Dataset:
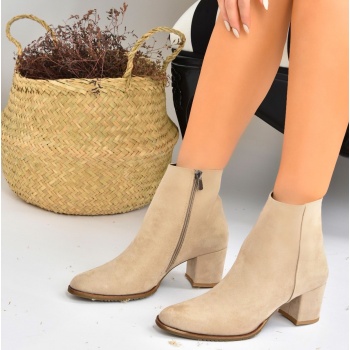 fox shoes beige suede women`s boots σε προσφορά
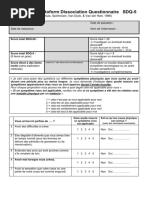 Questionnaire SNOT-22 en Français | PDF | Maladies et troubles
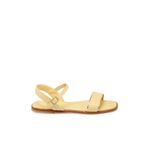 Tergan Sarı Vegan Kadın Sandalet - K24Y1SN67091-R87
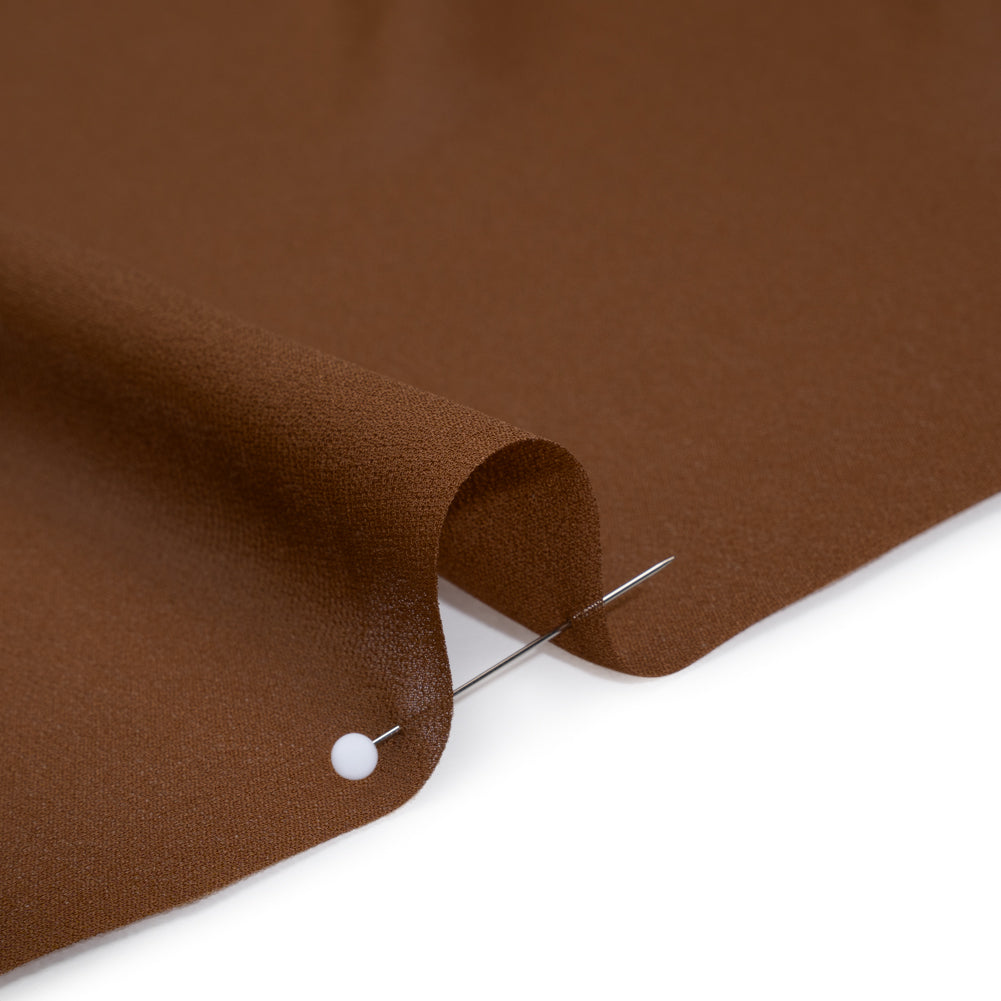 Viscose Georgette - Brown - Famous Australian Designer Deadstock
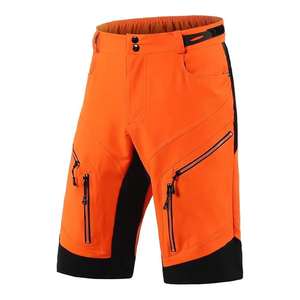 Shorts de travail de sécurité haute visibilité pour hommes, couleur unie, toile 100 % polyester, écologiques, respirants, anti-plis, séchage rapide - Product Image 1
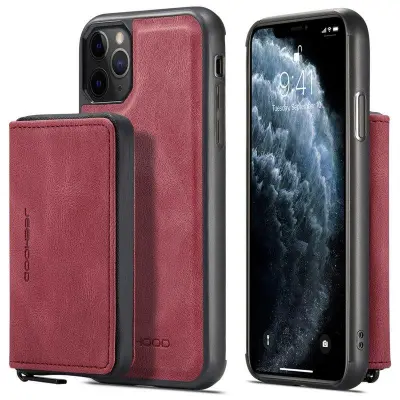 JEEHOOD iPhone 11 Pro Mobilskal Röd - Magnetisk med Kickstand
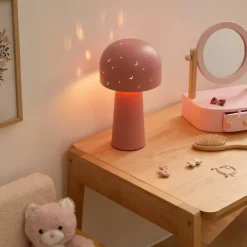 Decoratieve Accessoires|Kinderverlichting|Ygo Tafellamp STARLY Metaal Roze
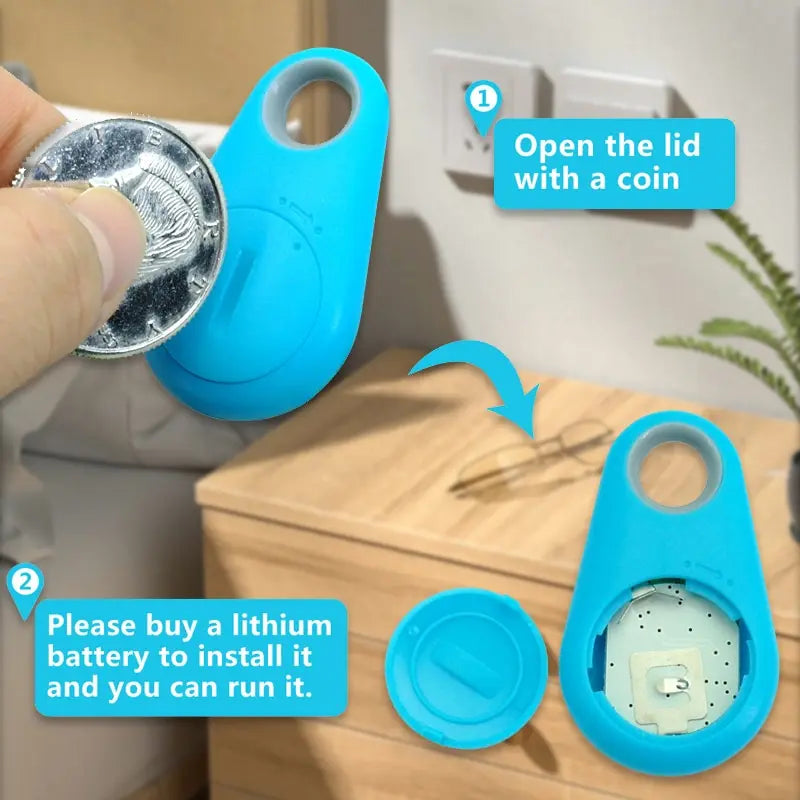 Bluetooth Anti-Loss Tracker with Remote Photo Shutter for Keys, Pets, Wallets & Phones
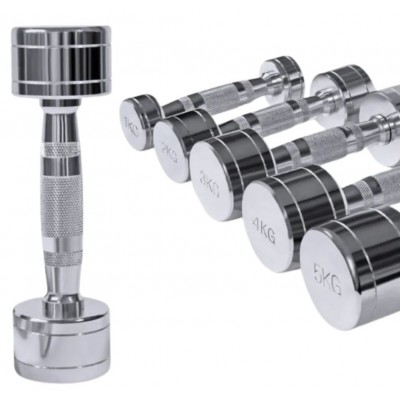 Gantera rotunda cromata Dayu Fitness 2 Kg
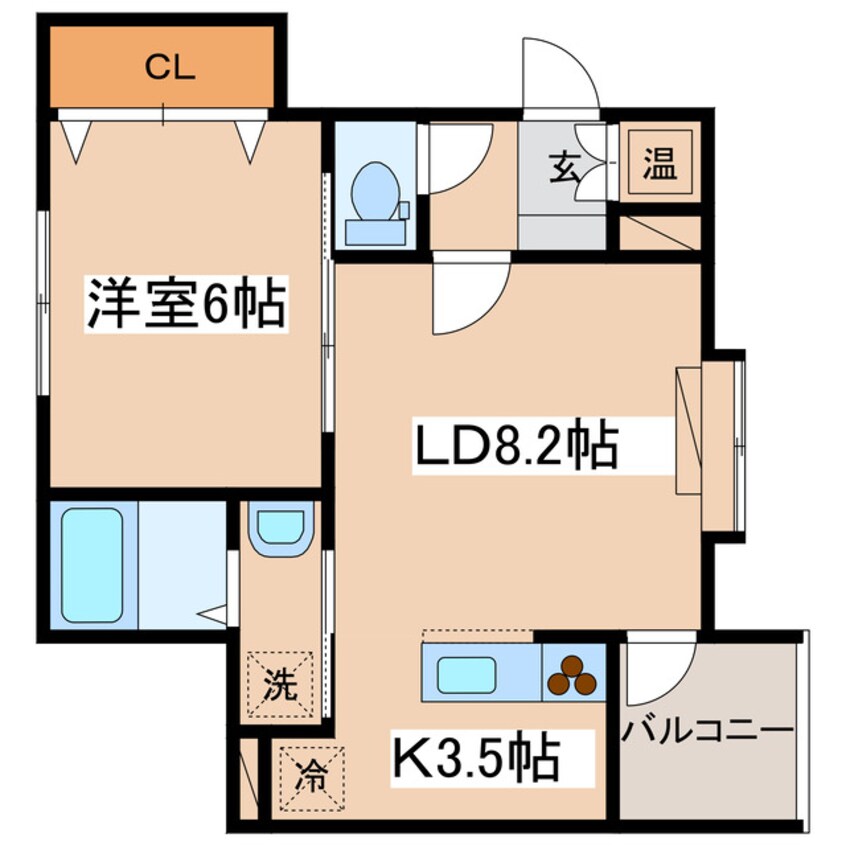 間取図 グレンツェントディーア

Prompt:
Leave out every picture, and copy exactly the lines above starting at the one holding "Questionnaire SNOT-22 en" and ending at the one holding "Viscose Georgette - Brown", no more and no less.

Task output:
 Questionnaire SNOT-22 en Français | PDF | Maladies et troubles
 Tergan Sarı Vegan Kadın Sandalet - K24Y1SN67091-R87
 Viscose Georgette - Brown - Famous Australian Designer Deadstock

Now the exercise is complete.